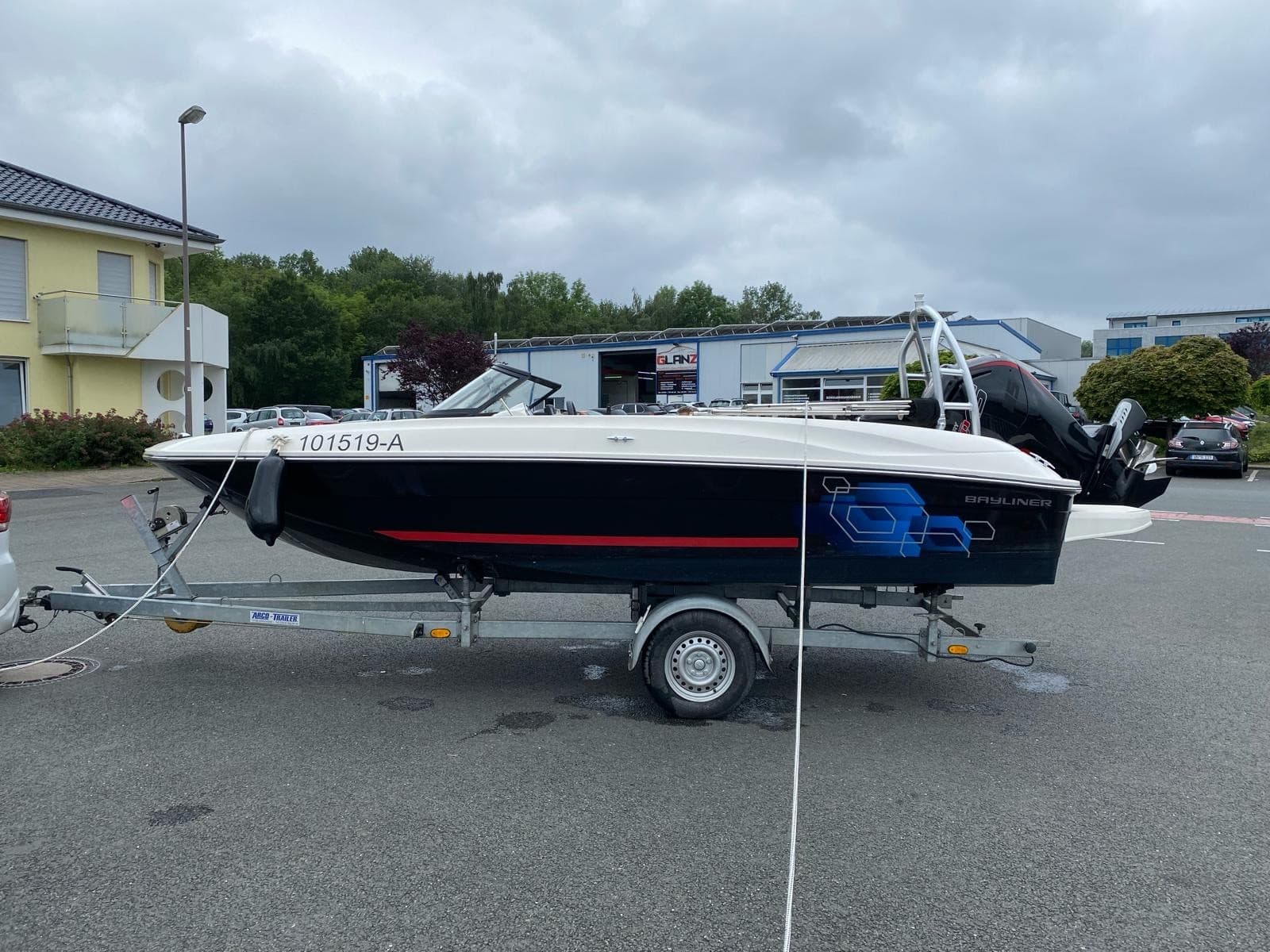 Bayliner E6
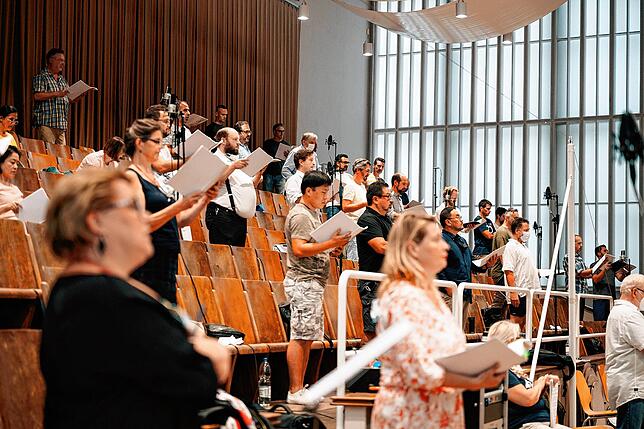 Der Chor im Audiostudio des Opernhauses. Hier können die Mitglieder mit genügend Abstand voneinander singen.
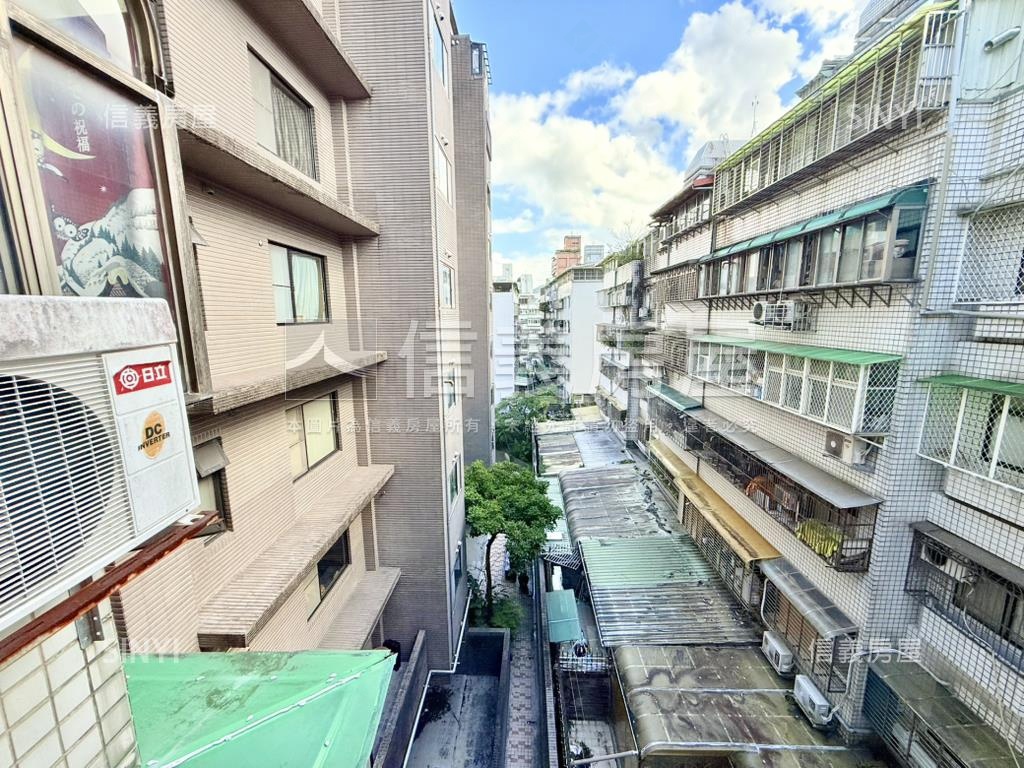 面朝恆光公園電梯三房車位房屋室內格局與周邊環境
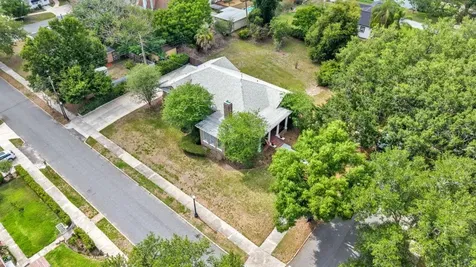 747 S Clayton Avenue Lakeland FL 33801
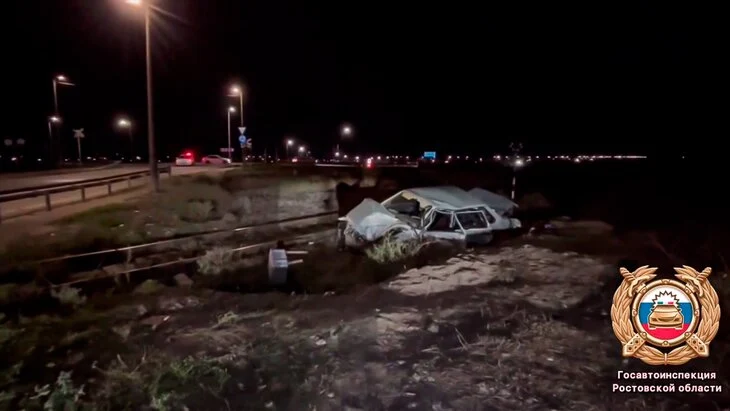 Поезд столкнулся с уходившим от погони автомобилем в Ростовской области Поезд столкнулся с уходившим от погони автомобилем в Ростовской области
▬▬▬▬▬▬
# WHAT THE EXERCISE ASKS:
From the line containing "Der Chor im" through the final line of the listing, copy every line exactly and nothing else. Skip the pictures.

# FINAL ANSWER:
 Der Chor im Audiostudio des Opernhauses. Hier können die Mitglieder mit genügend Abstand voneinander singen.
 面朝恆光公園電梯三房車位房屋室內格局與周邊環境
 747 S Clayton Avenue Lakeland FL 33801
 Поезд столкнулся с уходившим от погони автомобилем в Ростовской области Поезд столкнулся с уходившим от погони автомобилем в Ростовской области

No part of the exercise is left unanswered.